神保町の窓から(抄)

▼錦華公園下のバーで、明治大学の学部長さんたちと隣あわせて呑んだ。今、わが社は決算月であり、一年間の納品や返品の計算をしたり、作り過ぎた本の処置を段取りしたり、あるいは、年初からの出版業界の悲痛な出来事を思ったりしながら一日を過ごしての夜だった。心が沈んでいたのだろう。また、出版の世界に身を置く自分の運命を逆恨みしていたのかも知れない。話が「わが社」のことから「私の運命」になってしまった。私は哀しい話をしているつもりだったが、聞いていた方々はそこまで斟酌していなかった。出版社を希望している学生たちに、その楽しい業界話を聞かせてやってくれ、ということになった。私の話なんか聞いたら、誰も出版社なんか志望すまい、と思い躊躇したが、以前、「出版界は君たちを待っている」と題した講演を頼まれ、「私たちは君たちを待っていない」と大変失礼な話をしてしまったことを思い出し、その謝罪も込めて承諾した。
 出版の世界に身を沈め何十年も生きてしまったが、「出版社になんか来るなよ」と言うのは、資金繰りの忙しさを毎日体験しているからだ。しかし、出版を希望した誰しもが、資金繰りなどを担当するわけではない。出版社志望ということは編集者志望であり、資金繰りを考えるために出版を希望する者はいない。出版=貧乏という等式は、私には当てはまるが、普遍の原理ではない。出版という仕事をしてみたいと本気で思い詰めている学生に失礼なことだ。
▼だからといって、出版の世界が富裕であるなどと、嘘の話をするわけにはいかない。まず、業界の構成について話した。業界の売上は2兆2千億円だ。学生には、これが大きいのか小さいのか分からないだろう。トヨタ一社で売上26兆円、利益が2兆2千億円だと補足した。そして、出版社を名乗るところは4000社以上あり、50人以下の出版社が業界の九割近くを占めていること、年間100点以上出版している会社は164社しかないこと……出版は小零細で埋め尽くされていることをご理解願った。

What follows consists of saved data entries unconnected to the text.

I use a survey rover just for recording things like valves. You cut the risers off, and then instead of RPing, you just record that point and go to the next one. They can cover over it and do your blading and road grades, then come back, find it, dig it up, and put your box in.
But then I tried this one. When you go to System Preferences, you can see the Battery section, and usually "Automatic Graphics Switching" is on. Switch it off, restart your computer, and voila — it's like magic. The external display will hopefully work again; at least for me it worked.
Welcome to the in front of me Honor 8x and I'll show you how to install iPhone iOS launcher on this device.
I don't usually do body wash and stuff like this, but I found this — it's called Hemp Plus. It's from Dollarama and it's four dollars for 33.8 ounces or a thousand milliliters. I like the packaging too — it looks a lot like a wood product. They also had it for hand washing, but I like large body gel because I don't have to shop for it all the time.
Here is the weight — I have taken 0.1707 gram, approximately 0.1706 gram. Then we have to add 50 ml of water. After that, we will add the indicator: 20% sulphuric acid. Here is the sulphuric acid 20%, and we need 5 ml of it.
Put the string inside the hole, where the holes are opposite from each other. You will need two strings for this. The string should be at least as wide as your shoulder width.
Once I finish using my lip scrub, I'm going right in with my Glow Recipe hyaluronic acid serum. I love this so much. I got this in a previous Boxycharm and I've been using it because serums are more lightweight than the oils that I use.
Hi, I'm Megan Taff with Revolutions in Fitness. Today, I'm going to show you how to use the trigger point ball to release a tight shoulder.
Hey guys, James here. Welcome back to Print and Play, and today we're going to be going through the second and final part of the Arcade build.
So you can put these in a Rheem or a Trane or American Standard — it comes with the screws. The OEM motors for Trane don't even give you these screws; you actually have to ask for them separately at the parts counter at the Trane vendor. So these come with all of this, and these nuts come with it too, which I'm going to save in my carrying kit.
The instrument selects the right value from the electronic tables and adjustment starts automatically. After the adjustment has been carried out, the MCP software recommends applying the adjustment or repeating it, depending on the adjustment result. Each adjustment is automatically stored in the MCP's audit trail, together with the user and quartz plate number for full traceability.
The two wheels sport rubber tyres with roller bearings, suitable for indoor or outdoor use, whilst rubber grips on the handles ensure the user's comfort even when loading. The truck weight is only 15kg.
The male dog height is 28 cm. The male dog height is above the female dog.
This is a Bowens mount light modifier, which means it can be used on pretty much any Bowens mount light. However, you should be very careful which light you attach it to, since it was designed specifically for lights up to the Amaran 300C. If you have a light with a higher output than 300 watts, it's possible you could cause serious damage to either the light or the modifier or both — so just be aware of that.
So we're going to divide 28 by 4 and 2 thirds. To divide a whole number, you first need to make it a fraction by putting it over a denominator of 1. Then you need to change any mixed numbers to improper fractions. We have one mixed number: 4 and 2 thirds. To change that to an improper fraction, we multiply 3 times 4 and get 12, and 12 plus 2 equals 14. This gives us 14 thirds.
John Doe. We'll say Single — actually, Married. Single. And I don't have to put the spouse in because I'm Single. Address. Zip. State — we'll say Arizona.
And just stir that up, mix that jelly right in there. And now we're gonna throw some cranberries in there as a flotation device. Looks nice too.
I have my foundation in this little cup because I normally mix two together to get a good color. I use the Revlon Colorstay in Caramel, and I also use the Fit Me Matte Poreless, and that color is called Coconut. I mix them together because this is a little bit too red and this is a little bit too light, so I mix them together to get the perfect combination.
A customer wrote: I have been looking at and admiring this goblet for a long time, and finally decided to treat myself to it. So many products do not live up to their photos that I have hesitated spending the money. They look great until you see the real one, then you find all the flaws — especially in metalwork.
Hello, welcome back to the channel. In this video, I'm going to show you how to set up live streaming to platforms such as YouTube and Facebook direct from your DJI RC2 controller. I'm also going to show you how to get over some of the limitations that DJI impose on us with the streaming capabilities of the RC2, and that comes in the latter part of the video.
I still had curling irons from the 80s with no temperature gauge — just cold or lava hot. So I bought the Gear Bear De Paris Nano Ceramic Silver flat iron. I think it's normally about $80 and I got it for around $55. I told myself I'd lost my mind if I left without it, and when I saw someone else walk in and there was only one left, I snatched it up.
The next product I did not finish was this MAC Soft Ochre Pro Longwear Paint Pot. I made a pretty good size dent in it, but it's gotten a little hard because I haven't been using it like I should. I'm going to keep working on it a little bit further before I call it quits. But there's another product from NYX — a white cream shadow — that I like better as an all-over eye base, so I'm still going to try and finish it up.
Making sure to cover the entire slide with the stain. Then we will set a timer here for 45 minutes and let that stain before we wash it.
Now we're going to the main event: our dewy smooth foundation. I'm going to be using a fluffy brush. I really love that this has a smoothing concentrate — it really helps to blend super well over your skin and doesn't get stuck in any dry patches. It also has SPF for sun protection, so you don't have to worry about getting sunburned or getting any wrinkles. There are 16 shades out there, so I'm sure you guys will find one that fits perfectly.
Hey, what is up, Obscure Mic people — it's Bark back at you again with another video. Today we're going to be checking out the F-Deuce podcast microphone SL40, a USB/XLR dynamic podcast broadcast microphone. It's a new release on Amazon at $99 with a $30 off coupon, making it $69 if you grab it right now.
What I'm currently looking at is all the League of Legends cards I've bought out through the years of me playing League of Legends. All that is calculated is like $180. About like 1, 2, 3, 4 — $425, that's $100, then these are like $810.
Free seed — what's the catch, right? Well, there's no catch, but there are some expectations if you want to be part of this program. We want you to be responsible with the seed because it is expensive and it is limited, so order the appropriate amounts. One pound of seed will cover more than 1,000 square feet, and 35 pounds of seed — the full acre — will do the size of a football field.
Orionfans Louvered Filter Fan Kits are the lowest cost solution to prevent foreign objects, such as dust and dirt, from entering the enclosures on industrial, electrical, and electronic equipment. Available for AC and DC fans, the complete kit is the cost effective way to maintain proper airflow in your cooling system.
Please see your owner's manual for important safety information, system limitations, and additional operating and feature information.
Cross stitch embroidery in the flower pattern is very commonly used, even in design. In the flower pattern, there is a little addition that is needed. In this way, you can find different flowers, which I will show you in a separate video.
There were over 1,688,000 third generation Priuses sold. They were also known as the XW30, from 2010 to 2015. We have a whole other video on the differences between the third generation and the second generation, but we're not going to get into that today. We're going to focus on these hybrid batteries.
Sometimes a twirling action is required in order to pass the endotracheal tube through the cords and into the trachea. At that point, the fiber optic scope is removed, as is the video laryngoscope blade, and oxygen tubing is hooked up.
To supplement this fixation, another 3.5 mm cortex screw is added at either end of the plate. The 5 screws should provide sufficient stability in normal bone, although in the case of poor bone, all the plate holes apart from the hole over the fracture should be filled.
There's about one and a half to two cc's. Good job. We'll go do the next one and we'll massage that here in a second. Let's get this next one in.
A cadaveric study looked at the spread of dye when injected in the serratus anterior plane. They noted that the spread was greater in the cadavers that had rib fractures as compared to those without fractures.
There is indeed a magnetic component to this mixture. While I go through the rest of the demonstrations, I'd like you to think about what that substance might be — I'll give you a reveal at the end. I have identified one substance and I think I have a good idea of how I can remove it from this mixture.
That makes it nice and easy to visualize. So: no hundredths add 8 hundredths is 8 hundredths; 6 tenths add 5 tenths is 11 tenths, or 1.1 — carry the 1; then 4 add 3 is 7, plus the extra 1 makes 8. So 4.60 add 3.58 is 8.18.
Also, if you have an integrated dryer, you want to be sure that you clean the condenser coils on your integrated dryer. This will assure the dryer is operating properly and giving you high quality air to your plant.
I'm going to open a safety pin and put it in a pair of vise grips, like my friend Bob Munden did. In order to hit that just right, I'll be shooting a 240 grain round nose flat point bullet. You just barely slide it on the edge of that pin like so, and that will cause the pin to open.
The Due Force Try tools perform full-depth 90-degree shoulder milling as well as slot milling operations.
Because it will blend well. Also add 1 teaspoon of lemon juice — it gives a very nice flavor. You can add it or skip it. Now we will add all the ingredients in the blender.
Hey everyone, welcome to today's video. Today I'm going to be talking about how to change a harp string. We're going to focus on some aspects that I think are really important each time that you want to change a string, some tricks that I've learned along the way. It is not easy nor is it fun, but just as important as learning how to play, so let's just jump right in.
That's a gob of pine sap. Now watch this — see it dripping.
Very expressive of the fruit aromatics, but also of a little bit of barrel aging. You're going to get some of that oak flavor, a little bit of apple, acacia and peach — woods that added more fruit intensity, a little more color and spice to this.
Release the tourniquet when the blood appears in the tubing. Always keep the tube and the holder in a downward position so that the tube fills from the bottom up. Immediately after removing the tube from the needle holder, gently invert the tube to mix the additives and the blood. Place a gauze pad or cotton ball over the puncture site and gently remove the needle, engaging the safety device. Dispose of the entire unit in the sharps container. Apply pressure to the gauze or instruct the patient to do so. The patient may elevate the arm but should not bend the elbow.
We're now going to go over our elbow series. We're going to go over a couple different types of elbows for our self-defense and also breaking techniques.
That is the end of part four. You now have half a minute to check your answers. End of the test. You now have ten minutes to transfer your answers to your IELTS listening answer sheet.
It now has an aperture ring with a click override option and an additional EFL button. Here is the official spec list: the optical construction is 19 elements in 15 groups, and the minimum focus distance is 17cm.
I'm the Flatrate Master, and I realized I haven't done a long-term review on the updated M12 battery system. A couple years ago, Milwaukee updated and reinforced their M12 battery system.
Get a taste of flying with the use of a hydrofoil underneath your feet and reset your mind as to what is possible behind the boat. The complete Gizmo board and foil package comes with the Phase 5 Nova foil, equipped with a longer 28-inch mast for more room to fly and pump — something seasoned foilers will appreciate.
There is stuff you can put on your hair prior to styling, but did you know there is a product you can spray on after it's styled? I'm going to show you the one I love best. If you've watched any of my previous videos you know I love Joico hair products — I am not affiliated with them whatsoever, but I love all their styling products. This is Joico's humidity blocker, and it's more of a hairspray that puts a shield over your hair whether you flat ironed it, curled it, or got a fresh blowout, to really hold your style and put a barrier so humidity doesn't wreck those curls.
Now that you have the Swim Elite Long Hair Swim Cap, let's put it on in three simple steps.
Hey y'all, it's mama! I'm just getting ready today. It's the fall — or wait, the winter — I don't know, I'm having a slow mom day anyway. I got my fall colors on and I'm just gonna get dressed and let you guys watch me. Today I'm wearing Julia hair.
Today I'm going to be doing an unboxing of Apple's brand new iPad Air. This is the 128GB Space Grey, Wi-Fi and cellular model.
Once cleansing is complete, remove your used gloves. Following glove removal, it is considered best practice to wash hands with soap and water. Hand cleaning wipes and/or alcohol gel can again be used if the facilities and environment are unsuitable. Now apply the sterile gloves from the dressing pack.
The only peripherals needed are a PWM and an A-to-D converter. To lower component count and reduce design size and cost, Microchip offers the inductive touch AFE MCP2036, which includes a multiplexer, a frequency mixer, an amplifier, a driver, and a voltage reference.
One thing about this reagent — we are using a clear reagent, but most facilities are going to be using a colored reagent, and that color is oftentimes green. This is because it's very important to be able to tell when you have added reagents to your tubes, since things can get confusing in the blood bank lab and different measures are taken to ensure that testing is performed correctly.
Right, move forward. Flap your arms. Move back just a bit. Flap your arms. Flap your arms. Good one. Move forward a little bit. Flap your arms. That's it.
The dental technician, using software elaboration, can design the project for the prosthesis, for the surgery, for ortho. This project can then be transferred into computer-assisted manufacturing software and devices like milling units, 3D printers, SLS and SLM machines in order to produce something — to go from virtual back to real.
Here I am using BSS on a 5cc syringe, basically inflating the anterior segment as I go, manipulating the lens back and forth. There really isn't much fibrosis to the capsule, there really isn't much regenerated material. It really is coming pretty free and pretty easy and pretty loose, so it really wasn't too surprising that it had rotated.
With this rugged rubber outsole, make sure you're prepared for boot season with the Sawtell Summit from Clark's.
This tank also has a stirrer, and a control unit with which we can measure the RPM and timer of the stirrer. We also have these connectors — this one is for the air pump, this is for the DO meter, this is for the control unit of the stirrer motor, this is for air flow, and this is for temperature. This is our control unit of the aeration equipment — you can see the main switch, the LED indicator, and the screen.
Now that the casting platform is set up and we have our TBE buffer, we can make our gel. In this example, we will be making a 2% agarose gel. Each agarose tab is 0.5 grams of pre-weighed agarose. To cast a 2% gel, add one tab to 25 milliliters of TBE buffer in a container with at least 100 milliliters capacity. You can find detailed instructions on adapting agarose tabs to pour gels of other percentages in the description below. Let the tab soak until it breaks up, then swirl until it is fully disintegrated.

 出版社は、年間どれだけの本を出版すれば平和に食っていけるか。わが社は11人で63点出して、点数順位で275番目だが、生活は苦しいと力説。とにかく金が目当てで出版社に来るな、人とのつながりを求め、呼びかけとその呼応を大事にしたいと思う者が来いと。編集者の条件については、小誌の数号前で紹介した町田民世子さんの指摘を借用し、「著者や学問への敬意・尊敬・共感をもつこと、知りたいという向上心とともに読解力・理解力をもっていること」を強調した。出版社には編集者だけではなく、営業や倉庫管理もあることを付け加え、ついでにバカ編集者とはどういう編集者かも話したが、ここには書かない。
 こちらからも質問した。私が何者かを知っているか、日本経済評論社とはどういう会社かホームページを覗いてきたか、と。参加している数十人の学生の、誰一人そういう行為はして来なかった。「予習とはそういうことを言うんじゃないの」とやんわり。聴講生は、女子大かと思うほど瞳の輝く女学生が目立った。熱心に聞いてくれてありがとう。私の話が役に立つかどうか心許ない。青年たちの前途に幸多きことを願う。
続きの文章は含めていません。